A new institute at the University of Louisiana at Lafayette is tackling disaster management full force. The National Incident Management Systems and Advanced Technologies (NIMSAT) Institute is set to empower national, state and local incident managers during catastrophic times.
After witnessing the effects of hurricanes Katrina and Rita in 2005 and other disasters that followed, NIMSAT (www.nimsat.org) leaders knew questions about management, homeland security, private sector supply chains and critical infrastructures needed to be addressed.
“ At the foundations of NIMSAT are efforts to enhance the understanding of threats and vulnerabilities to the nation’s critical infrastructure and improve the resiliency of private sector supply chains that fuel the national economy,” said Dr. Ramesh Kolluru, NIMSAT’s executive director. “NIMSAT will do this by processing and analyzing data using supercomputing and visualization technologies. The Institute is built on the expertise of researchers from UL Lafayette’s Colleges of Business, Science, Liberal Arts, and Engineering, along with those of its national partners.”

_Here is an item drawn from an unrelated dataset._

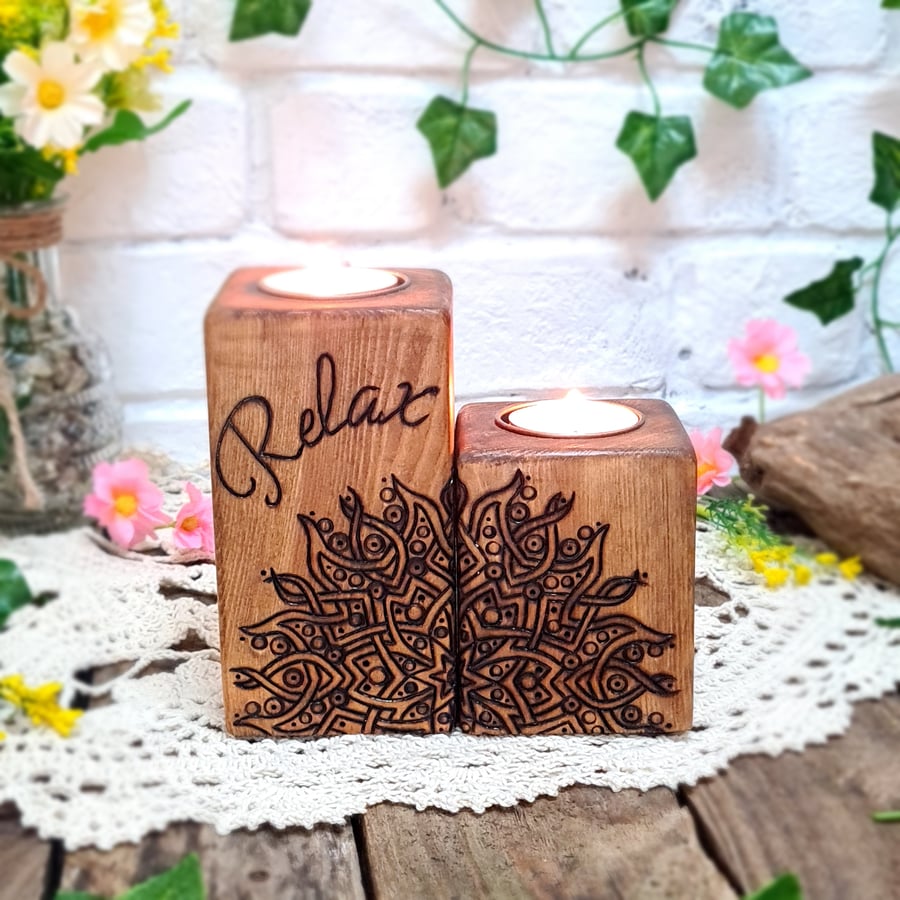Pyrography tealight holder set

These national-scale partners include James Lee Witt Associates – a part of GlobalOptions Group, WalMart, SGI, Priority 5, CISCO, Tulane University, San Diego State University and many others. At NIMSAT’s core is a partnership between the public, private and governmental sectors leading to cross-cultural collaborations that could fundamentally impact the way the nation manages disasters – whether these disasters are hurricanes, floods or terrorism-related.
“ NIMSAT is a key public-private partnership working to prepare us for the next disaster that strikes, be it natural or manmade. Its state-of-the-art technology provides the kind of testing we need to simulate disasters and smartly direct the response of government and the private sector,” said Sen. Mary Landrieu. “I am proud that Lafayette is the home for this institute – bringing together the best and brightest to bolster our homeland security. I will continue to work to ensure UL Lafayette and NIMSAT have the funding they need to continue their success.”

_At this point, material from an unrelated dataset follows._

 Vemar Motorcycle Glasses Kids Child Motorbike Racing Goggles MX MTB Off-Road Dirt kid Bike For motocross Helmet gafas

By leveraging the expertise of its 20 public and private sector partners from across 10 states, NIMSAT is pursing an all-hazards approach to homeland security and disaster lifecycle. Plans are to conduct research, develop applications, prepare the next generation workforce of homeland security and provide operational and decision support to enhance the nation’s ability to manage incidents on any governmental level.
NIMSAT will tap into supercomputing systems across the nation including the Louisiana Optical Network Initiative (LONI) and the National LambdaRail (NLR). In addition, the Institute has formed a partnership with the Louisiana Immersive Technologies Enterprise (LITE) at UL Lafayette. The facility is one of the world’s most advanced technology resources for industry, government and research. LITE’s supercomputers – 160-processor SGI Altix 4700 – feature 4.1 trillion bytes and can compute and visualize complex disaster models, data and scenarios.

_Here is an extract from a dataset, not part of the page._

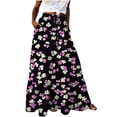 thumbnail image 3 of Busydd Boho Skirt for Women with Pockets Fashion Print Drawstring Maxi Skirt Flowy Vacation Elastic Waist Drawstring Long Skirts XL, 3 of 8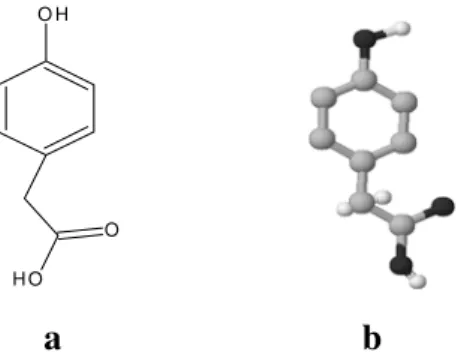 Figura 3 - Estrutura do ácido 4-hidroxifenilacético (a) fórmula estrutural (b) modelo  tipo bola-e-bastão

" Public-private partnerships are essential in facing many of the challenges in preparing for disaster. NIMSAT will be vital in the creation of these partnerships," said James Lee Witt, Chief Executive Officer of James Lee Witt Associates, one of the Institute’s partners. "NIMSAT will bring together stakeholders and encourage the real-time coordination needed during a crisis to improve situational awareness and make good decisions."
NIMSAT seeks to contribute to the mission of saving human lives, strengthening the private-sector supply chains that drive the national economy and providing the nation’s critical infrastructure and key resources that support the economy and everyday life.